Fact!
Mother earth does not possess some magical mystical power that sucks nasties from an audio system.
Grounding Myths
"Electromagnetic Compatibility Engineering" by Henry Ott
3.1.7 Grounding Myths
More myths exist relating to the field of grounding than any other area of electrical engineering. The more common of these are as follows:
1. The earth is a low-impedance path for ground current. False, the impedance of the earth is orders of magnitude greater than the impedance of a copper conductor.
2. The earth is an equipotential. False, this is clearly not true by the result of (1 above).

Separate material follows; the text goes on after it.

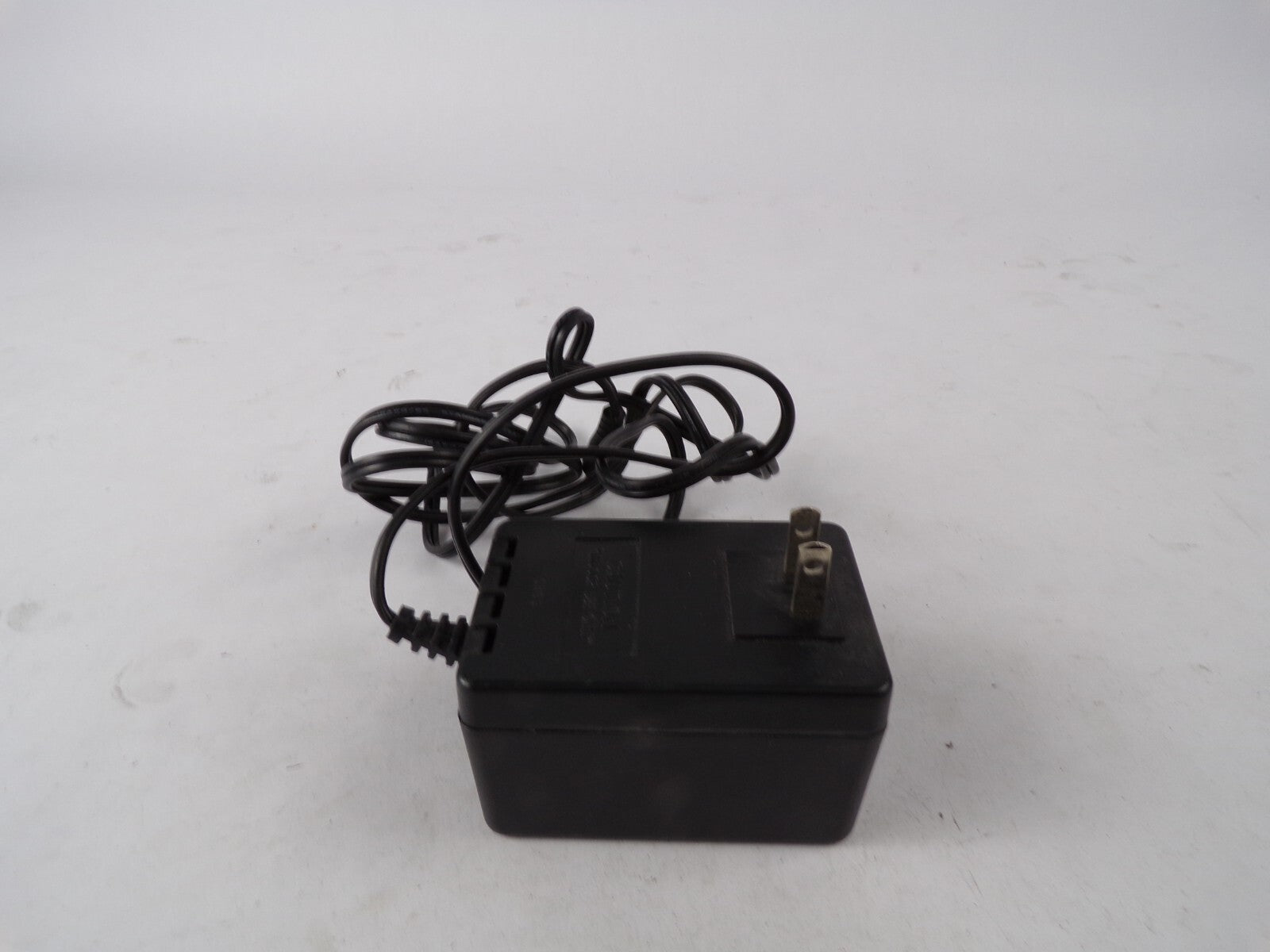 Genuine Regal R1JK-5100 Output 5 V 1 A Power Supply Adapter A55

3. The impedance of a conductor is determined by its resistance. False, what happened to the concept of inductive reactance?
4. To operate with low noise, a circuit or system must be connected to an earth ground. False, because airplanes, satellites, cars and battery powered laptop computers all operate fine without a ground connection. As a mater of fact, an earth ground is more likely to be the cause of noise problem. More electronic system noise problems are resolved by removing (or isolating) a circuit from earth ground than by connecting it to earth ground.
5. To reduce noise, an electronic system should be connected to a separate “quiet ground” by using a separate, isolated ground rod. False, in addition to being untrue, this approach is dangerous and violates the requirements of the NEC (electrical code/rules).
6. An earth ground is unidirectional, with current only flowing into the ground. False, because current must flow in loops, any current that flows into the ground must also flow out of the ground somewhere else.
7. An isolated AC power receptacle is not grounded. False, the term “isolated” refers only to the method by which a receptacle is grounded, not if it is grounded.
8. A system designer can name ground conductors by the type of the current that they should carry (i.e., signal, power, lightning, digital, analog, quiet, noisy, etc.), and the electrons will comply and only flow in the appropriately designated conductors. Obviously false."